Saved data entries
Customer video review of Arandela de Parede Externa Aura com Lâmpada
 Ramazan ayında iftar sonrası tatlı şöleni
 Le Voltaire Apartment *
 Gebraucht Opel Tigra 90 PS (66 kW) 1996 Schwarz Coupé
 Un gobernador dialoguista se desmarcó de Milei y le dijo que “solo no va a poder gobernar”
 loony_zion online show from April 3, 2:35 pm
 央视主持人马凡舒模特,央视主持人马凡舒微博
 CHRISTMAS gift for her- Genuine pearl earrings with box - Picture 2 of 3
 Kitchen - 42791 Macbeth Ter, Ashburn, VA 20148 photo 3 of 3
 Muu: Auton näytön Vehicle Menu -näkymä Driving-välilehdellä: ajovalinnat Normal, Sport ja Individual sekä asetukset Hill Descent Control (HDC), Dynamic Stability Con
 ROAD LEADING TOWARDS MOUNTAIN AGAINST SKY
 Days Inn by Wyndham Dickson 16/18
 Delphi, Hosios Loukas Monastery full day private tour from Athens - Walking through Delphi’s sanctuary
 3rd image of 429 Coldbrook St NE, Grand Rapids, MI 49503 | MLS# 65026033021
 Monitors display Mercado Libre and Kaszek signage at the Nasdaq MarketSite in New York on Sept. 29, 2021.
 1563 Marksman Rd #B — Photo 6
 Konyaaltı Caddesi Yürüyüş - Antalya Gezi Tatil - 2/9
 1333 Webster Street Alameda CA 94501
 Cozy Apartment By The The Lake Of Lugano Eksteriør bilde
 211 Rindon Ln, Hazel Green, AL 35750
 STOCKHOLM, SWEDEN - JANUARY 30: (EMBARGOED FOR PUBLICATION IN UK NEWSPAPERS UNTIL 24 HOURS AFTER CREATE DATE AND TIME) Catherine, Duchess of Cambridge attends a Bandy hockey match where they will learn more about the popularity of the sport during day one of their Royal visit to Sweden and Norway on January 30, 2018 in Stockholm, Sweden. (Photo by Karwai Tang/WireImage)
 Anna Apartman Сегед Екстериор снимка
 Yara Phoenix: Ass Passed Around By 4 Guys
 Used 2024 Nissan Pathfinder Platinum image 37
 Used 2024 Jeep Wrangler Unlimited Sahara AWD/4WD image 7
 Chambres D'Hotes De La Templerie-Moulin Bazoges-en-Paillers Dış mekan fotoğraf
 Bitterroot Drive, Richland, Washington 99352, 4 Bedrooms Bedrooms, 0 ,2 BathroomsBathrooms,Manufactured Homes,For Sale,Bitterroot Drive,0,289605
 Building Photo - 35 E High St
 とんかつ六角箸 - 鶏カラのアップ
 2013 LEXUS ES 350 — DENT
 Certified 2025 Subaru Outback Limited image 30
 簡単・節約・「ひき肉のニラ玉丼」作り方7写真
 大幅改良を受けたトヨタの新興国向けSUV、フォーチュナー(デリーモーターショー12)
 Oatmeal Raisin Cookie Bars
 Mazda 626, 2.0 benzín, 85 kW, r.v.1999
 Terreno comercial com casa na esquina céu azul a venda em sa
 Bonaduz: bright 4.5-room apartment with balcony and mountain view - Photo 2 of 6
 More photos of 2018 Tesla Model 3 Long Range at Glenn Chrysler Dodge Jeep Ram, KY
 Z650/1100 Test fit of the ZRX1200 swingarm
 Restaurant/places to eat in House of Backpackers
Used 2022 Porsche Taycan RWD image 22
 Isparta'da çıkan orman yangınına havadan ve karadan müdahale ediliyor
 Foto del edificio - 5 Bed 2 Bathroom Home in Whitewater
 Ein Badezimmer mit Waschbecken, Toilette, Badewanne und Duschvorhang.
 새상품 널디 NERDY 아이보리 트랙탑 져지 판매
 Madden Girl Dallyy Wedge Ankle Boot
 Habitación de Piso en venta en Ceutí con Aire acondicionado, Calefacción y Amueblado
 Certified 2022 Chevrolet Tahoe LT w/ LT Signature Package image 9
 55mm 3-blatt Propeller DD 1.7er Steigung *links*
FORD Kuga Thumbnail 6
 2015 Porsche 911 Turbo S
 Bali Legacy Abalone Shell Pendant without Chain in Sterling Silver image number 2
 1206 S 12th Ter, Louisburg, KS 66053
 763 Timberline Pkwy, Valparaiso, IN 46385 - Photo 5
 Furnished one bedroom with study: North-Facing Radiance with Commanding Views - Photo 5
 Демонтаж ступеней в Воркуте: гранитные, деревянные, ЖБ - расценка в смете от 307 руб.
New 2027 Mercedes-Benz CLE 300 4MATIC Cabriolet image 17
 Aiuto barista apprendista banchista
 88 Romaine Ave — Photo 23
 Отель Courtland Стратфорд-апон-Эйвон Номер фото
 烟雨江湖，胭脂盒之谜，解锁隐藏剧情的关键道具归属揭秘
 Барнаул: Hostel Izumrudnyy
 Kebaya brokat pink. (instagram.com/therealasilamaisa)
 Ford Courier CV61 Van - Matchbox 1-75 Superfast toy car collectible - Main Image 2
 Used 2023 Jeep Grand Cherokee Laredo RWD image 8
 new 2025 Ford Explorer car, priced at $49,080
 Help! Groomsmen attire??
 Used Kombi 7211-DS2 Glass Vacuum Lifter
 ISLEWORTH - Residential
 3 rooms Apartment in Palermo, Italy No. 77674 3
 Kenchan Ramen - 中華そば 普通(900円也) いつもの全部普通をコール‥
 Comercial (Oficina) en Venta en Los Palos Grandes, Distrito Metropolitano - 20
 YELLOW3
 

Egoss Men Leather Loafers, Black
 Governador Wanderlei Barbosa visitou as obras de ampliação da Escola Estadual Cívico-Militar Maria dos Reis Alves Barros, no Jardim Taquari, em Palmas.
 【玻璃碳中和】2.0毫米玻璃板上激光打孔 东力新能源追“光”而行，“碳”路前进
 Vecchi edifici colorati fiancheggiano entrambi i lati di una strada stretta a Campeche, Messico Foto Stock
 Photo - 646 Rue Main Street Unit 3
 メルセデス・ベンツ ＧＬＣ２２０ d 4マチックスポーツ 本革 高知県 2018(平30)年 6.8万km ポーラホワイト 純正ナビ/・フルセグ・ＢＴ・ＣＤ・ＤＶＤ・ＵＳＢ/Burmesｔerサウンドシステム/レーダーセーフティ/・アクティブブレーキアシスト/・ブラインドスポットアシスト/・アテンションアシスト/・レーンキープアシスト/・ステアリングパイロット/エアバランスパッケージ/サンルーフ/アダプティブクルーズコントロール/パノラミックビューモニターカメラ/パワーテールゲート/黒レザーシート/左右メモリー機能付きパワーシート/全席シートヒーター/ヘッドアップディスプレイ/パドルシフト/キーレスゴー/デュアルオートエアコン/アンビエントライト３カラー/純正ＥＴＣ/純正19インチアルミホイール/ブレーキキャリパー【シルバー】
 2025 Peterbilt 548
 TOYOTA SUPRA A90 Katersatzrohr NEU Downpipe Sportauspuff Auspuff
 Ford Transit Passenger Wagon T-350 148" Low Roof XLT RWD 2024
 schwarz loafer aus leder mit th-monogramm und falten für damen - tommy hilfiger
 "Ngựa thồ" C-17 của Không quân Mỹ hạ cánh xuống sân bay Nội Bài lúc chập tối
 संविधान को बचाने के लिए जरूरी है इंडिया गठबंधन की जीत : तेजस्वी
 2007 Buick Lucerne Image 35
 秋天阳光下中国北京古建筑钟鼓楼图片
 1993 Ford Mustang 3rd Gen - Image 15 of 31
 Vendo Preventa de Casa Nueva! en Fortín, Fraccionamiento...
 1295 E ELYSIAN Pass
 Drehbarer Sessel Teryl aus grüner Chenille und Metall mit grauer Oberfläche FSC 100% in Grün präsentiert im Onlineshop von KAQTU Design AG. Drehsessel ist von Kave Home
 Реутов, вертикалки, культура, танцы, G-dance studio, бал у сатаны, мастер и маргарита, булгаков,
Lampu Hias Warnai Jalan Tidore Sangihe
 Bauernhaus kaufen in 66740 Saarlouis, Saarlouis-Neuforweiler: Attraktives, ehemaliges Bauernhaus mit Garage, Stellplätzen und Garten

TASK OBJECTIVE - In the data above, find the line that contains "Демонтаж ступеней в" and the line that contains "Help! Groomsmen attire??". Repeat exactly those lines and every line between them, and only those.

SOLUTION TO THE EXERCISE -
 Демонтаж ступеней в Воркуте: гранитные, деревянные, ЖБ - расценка в смете от 307 руб.
New 2027 Mercedes-Benz CLE 300 4MATIC Cabriolet image 17
 Aiuto barista apprendista banchista
 88 Romaine Ave — Photo 23
 Отель Courtland Стратфорд-апон-Эйвон Номер фото
 烟雨江湖，胭脂盒之谜，解锁隐藏剧情的关键道具归属揭秘
 Барнаул: Hostel Izumrudnyy
 Kebaya brokat pink. (instagram.com/therealasilamaisa)
 Ford Courier CV61 Van - Matchbox 1-75 Superfast toy car collectible - Main Image 2
 Used 2023 Jeep Grand Cherokee Laredo RWD image 8
 new 2025 Ford Explorer car, priced at $49,080
 Help! Groomsmen attire??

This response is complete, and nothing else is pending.